• WHAT IS BEING ASKED: Each line from the one containing "SPA Therapies" to the last line of the listing below is to be duplicated exactly, and no picture is to be carried over.

• SUPPLIED MATERIAL:
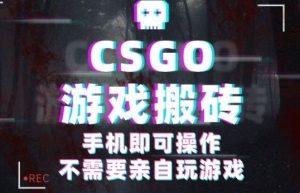CSGO游戏挂G捡漏,单日扫货5张+,年底小高峰上车可吃肉,手机即可操作,兼职副业创业网创【揭秘】-第一资源库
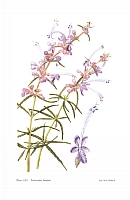  no thumbnail available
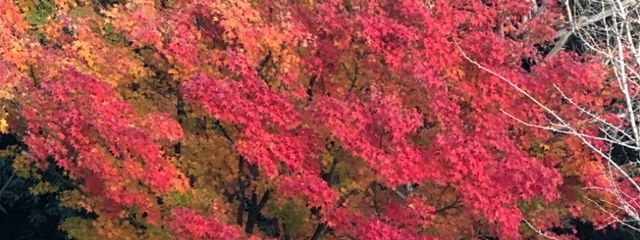 呪羅（呪羅）さんの壁紙画像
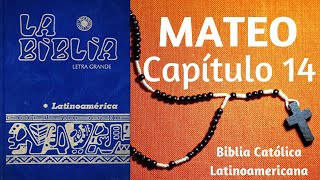 ❤️✝️ Evangelio SEGÚN MATEO Capítulo 14  Biblia CATÓLICA Latinoamericana [upl. by Eiboj]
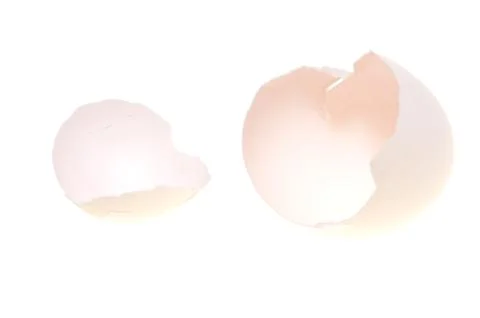 Broken egg shell Stock Photos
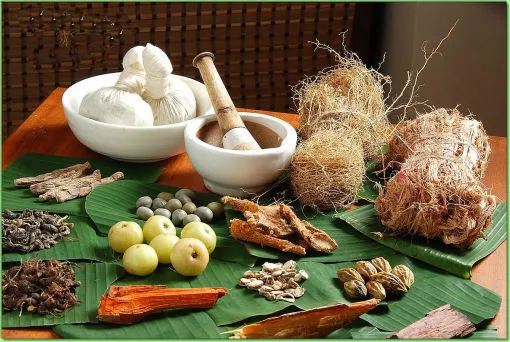 SPA Therapies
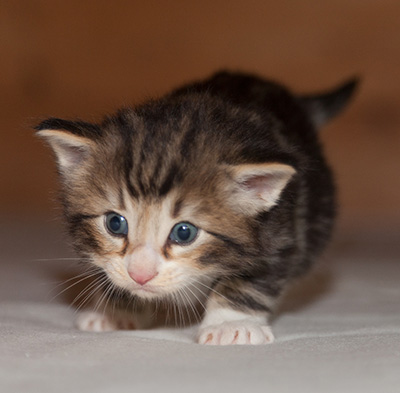 Jan-Gustav - 3 weeks old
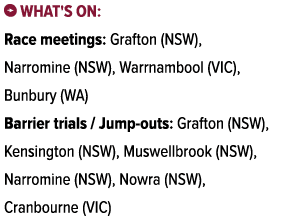 ￼ What's on: Race meetings: Grafton (NSW), Narromine (NSW), Warrnambool (VIC), Bunbury (WA) Barrier trials / Jump out...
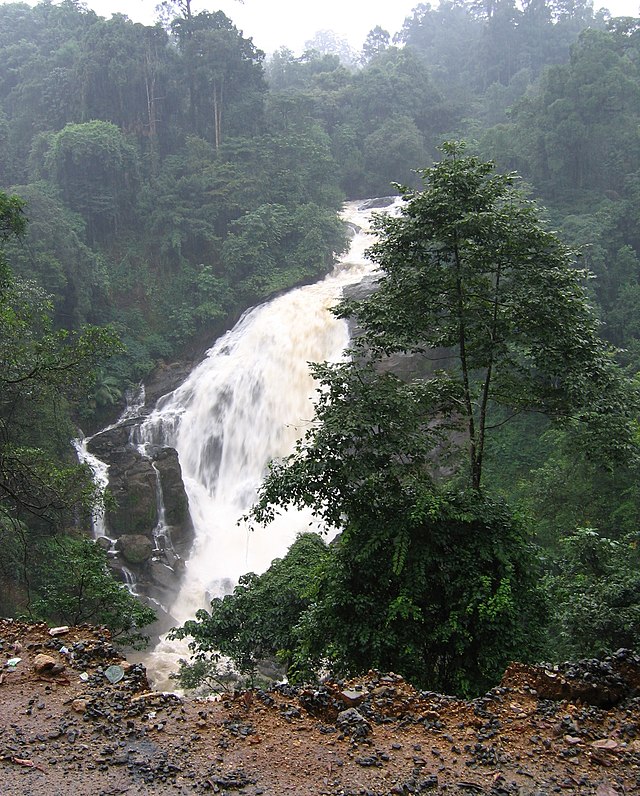 Cheeyappara waterfalls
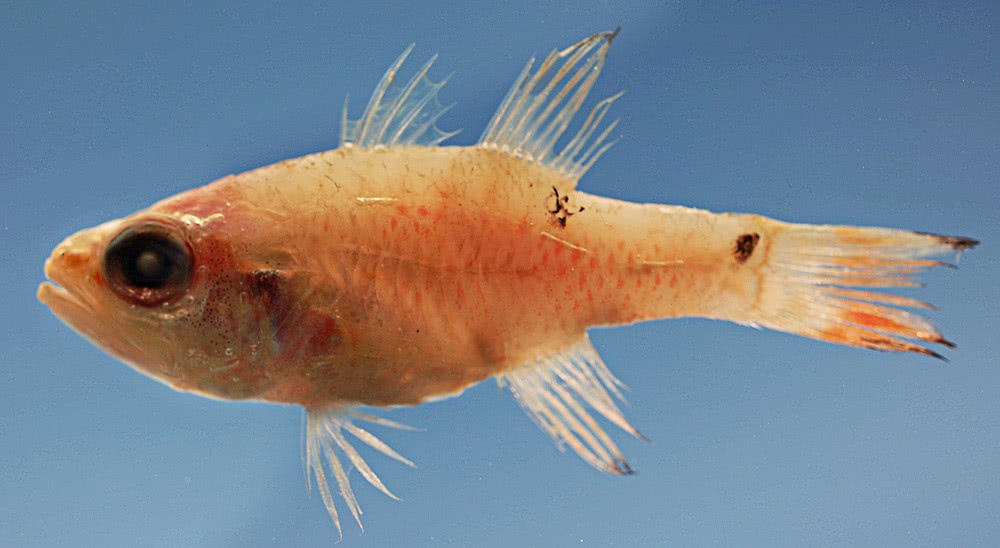 Twospot cardinalfish  Apogon pseudomaculatus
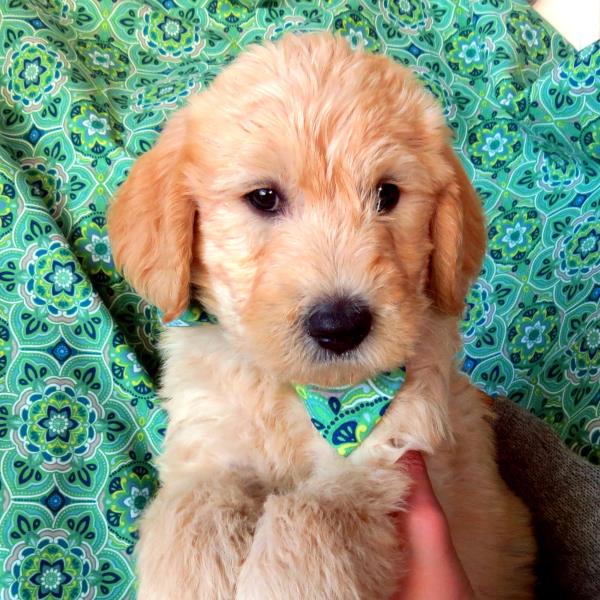 Toffee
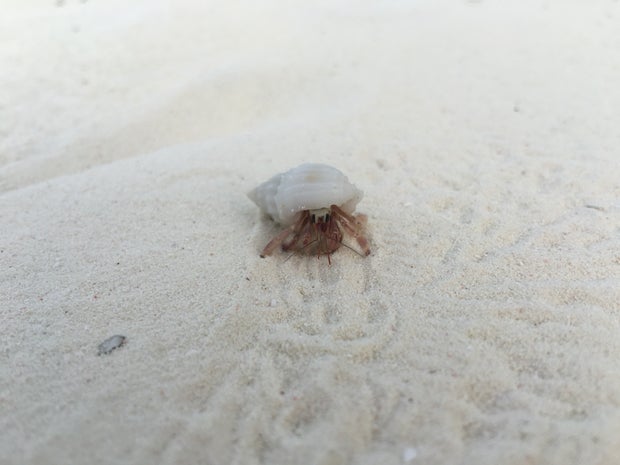 iPhone 6S Plus hermit crab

• OUTPUT:
 SPA Therapies
 Jan-Gustav - 3 weeks old
  What's on: Race meetings: Grafton (NSW), Narromine (NSW), Warrnambool (VIC), Bunbury (WA) Barrier trials / Jump out...
 Cheeyappara waterfalls
 Twospot cardinalfish  Apogon pseudomaculatus
 Toffee
 iPhone 6S Plus hermit crab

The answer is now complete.